Accéder au résumé de cet article


Comment as-tu débuté pour aboutir à une carrière orientée innovation et ESS [Économie Sociale et Solidaire] ?

J’ai commencé mon parcours à Grenoble – où je suis née – avec des études en droit, et surtout un master en Management de l’Innovation à l’IAE. Après le Bac, je ne connaissais pas l’innovation, ce n’est pas forcément ce qu’on t’apprends dans ton cycle de lycée. D’où ma licence de droit – que j’ai beaucoup aimée, y compris pour la connaissance et la culture – mais qui était trop théorique pour moi. 

Or ma sensibilité personnelle était plus vers les droits de l’homme et les libertés fondamentales. Mais c’est un secteur assez bouché en droit ! Soit barreau (avocat), soit droit humanitaire, qui est très couru. De mon côté, l’aspect pratique m’avait toujours attirée. Qu’est ce qui pouvait m’apporter pratique et théorie? Le master de management de l’innovation pouvait m’aider.

Quelle première expérience t’as confirmé cette sensibilité à l’innovation et l’environnement?

J’ai travaillé en tant qu’employée polyvalente à l’Eau Vive de Grenoble, en parallèle de mes études de droit. Ça m’a aidé à découvrir les produits bio, mais aussi à développer mes valeurs pour l’humain et l’environnement. Le droit m’a aussi aidé à progresser – j’ai été pendant un an dans une association d’aide au parrainage et à la protection de demandeurs d’asile, et j’ai travaillé au service handicap de l’université pour accompagner des étudiants à la rédaction de leurs partiels. Tout cela a créé une sensibilité que je ne voulais pas perdre en master.

Pour moi, l’innovation me manquait dans le droit, trop théorique. Du coup, aujourd’hui je sais que j’aime le social, mais je veux que les choses bougent. Le master de l’innovation avec le biais de l’innovation sociale était la bonne piste pour moi ! Même si mes profs ne prenaient pas trop au sérieux le domaine de l’ESS pour l’innovation. 

J’ai travaillé [dans un magasin bio], ça m’a aidé à (…) développer mes valeurs pour l’humain et l’environnement.

C’est à ce moment que tu as découvert le monde des incubateurs…
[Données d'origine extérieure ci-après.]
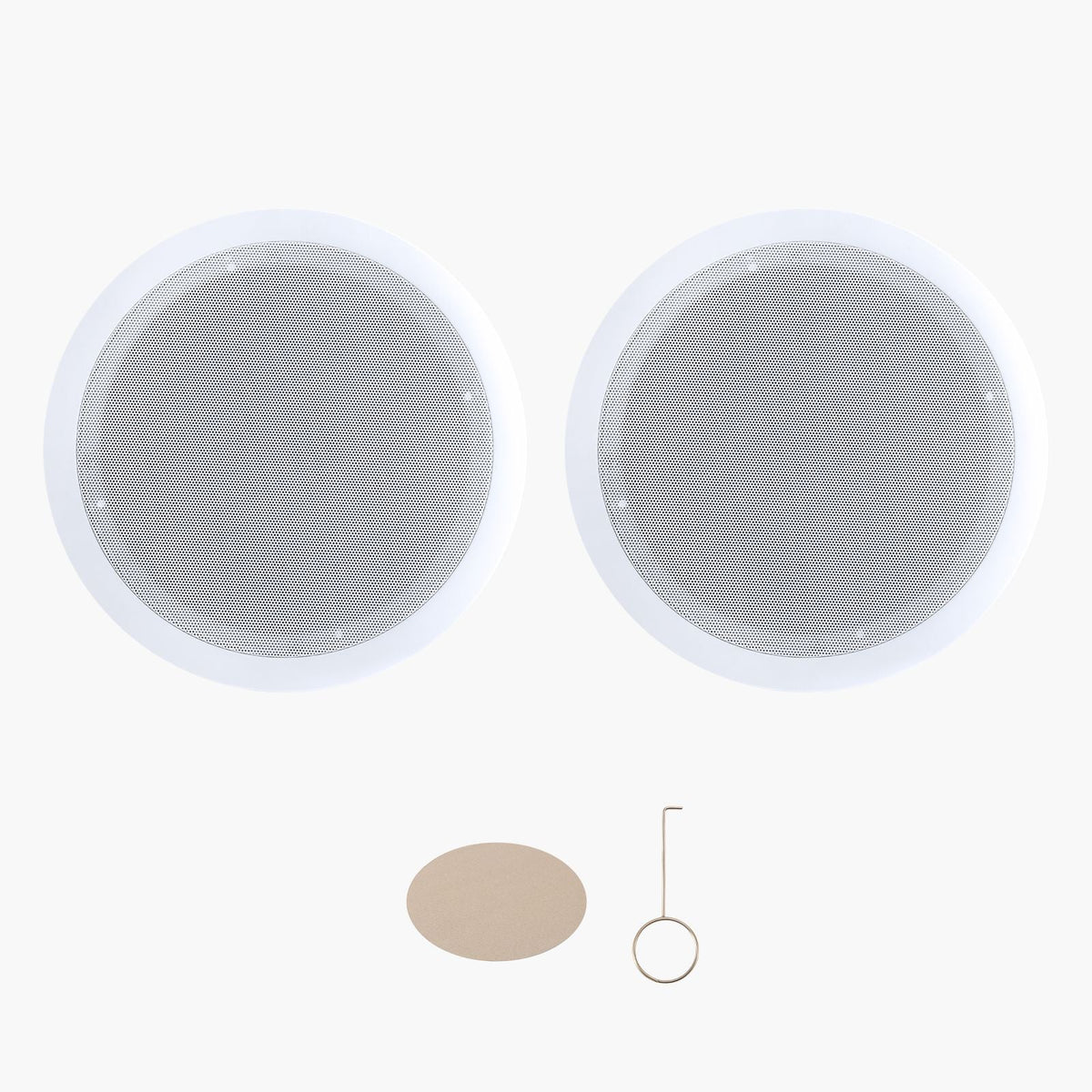 In Ceiling Speakers, 8", In-Ceiling & In-Wall Speaker System, Hi-Fi Sound, 150W Peak, 2-Way Flush Mount Speakers, for Damp Humid Placement, Home Theater, Living Room, or Covered Patio, 1 Pair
J’ai choisi un stage en vue d’un mémoire et d’une soutenance. Je voulais le faire dans un incubateur d’entreprises sociales ; je connaissais les incubateurs de start-ups, je me doutais bien qu’il devait y en avoir pour les entrepreneurs sociaux. Sur le site de l’Avise étaient recensés les dix incubateurs d’entreprises sociales en France… J’ai postulé à chacun, en candidature spontanée.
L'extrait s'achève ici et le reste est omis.